= What you have to do =
Answer with the exact lines of the following material from the one containing "Нейлоновые перчатки с" through the one containing "custom personalized equestrian", both end lines included.

= Study material =
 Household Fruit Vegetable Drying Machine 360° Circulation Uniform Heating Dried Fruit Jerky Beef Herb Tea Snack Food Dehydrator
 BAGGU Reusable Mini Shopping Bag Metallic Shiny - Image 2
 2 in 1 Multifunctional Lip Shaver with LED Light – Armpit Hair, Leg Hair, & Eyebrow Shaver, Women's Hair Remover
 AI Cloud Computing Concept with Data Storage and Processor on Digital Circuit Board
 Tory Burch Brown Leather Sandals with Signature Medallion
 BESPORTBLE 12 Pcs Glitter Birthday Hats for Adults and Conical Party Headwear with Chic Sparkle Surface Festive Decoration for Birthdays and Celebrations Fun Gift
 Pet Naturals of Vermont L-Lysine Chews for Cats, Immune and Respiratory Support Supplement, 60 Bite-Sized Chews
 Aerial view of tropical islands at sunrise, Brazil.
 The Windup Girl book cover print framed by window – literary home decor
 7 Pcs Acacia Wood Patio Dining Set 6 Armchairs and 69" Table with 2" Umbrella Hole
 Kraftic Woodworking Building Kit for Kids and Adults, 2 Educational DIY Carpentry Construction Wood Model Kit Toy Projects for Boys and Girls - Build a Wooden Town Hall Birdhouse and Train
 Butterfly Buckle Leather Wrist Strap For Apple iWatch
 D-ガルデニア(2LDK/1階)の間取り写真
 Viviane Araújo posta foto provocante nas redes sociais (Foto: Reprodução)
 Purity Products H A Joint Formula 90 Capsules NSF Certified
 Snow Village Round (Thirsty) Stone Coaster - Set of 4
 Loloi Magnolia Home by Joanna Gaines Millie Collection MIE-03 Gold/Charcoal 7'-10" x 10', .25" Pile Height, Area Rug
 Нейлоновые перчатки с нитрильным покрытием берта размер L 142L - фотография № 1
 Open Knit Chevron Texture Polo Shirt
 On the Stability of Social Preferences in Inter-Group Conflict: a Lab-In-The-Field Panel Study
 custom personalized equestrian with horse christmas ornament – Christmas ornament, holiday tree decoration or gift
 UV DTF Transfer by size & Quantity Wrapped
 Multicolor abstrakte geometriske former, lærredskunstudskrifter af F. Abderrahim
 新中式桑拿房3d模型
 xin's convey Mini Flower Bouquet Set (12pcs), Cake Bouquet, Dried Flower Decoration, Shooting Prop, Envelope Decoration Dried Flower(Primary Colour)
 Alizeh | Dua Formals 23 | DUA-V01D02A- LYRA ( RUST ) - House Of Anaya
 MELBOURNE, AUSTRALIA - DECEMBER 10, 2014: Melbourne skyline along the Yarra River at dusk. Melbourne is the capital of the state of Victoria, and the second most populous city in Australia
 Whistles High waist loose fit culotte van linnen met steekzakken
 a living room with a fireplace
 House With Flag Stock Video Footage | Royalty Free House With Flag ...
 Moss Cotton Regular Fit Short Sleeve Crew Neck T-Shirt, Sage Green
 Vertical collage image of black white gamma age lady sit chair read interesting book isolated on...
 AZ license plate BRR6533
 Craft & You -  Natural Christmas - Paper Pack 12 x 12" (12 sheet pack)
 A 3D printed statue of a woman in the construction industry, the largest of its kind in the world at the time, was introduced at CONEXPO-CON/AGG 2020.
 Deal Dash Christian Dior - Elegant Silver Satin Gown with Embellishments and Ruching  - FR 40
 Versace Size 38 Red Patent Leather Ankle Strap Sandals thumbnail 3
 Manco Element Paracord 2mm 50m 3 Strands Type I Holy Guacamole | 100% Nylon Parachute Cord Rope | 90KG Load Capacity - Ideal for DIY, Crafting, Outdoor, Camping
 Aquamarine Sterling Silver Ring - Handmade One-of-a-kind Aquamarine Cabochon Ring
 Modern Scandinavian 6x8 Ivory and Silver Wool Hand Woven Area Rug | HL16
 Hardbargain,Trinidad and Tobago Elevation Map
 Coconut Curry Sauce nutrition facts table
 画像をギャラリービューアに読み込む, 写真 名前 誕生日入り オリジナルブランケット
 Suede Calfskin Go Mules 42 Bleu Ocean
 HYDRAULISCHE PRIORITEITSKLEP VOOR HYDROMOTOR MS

= Task solution =
 Нейлоновые перчатки с нитрильным покрытием берта размер L 142L - фотография № 1
 Open Knit Chevron Texture Polo Shirt
 On the Stability of Social Preferences in Inter-Group Conflict: a Lab-In-The-Field Panel Study
 custom personalized equestrian with horse christmas ornament – Christmas ornament, holiday tree decoration or gift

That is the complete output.